◆ Given data:
────────────────────────────────────────

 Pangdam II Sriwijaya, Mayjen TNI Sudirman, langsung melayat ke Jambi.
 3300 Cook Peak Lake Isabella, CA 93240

────────────────────────────────────────

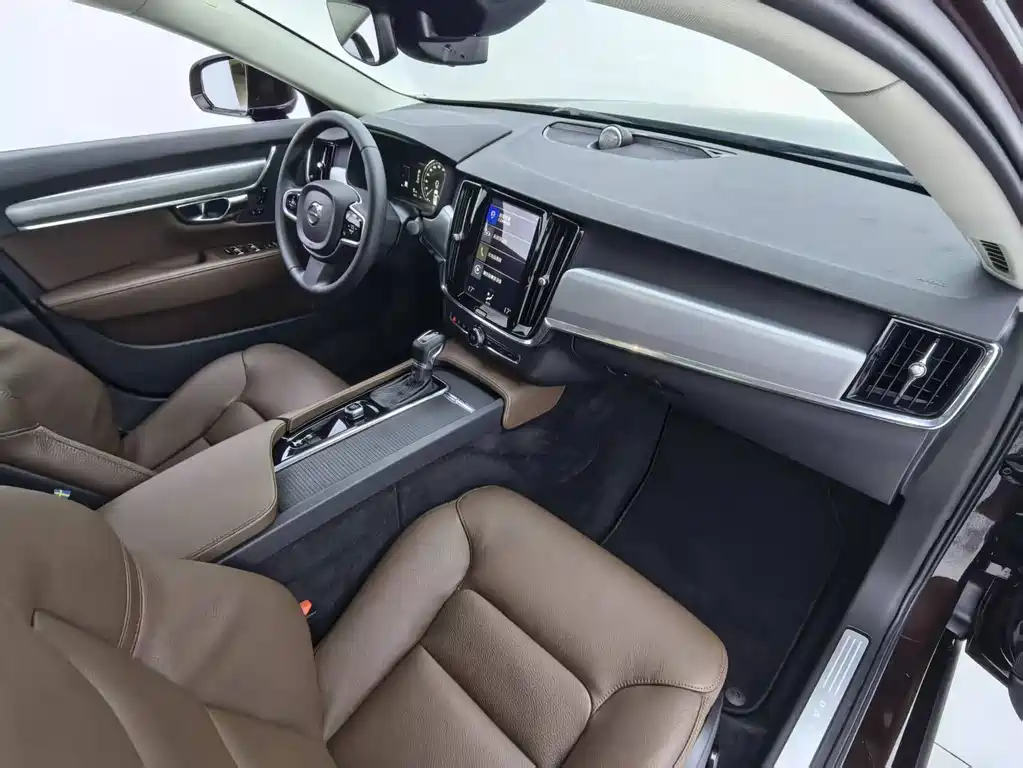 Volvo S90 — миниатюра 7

────────────────────────────────────────

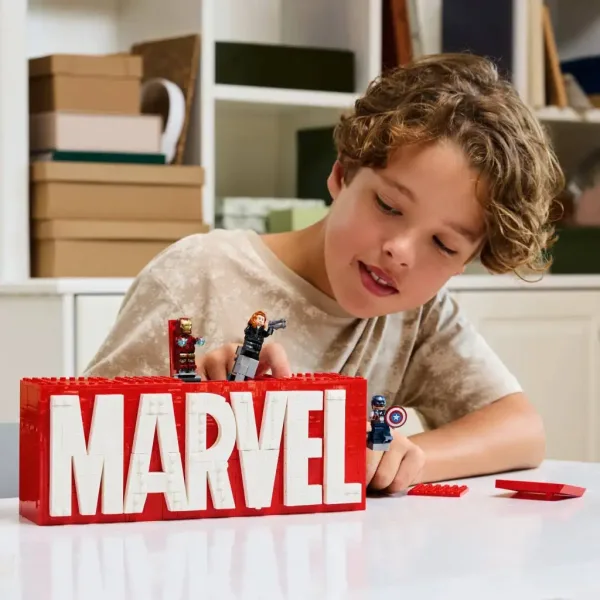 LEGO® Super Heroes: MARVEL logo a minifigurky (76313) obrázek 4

────────────────────────────────────────

◆ Exercise objective:
Repeat, exactly as they stand above, the lines from the line with "Pangdam II Sriwijaya, Mayjen" to the line with "3300 Cook Peak Lake Isabella, CA 93240", both lines included.

◆ Solution to the exercise:
 Pangdam II Sriwijaya, Mayjen TNI Sudirman, langsung melayat ke Jambi.
 3300 Cook Peak Lake Isabella, CA 93240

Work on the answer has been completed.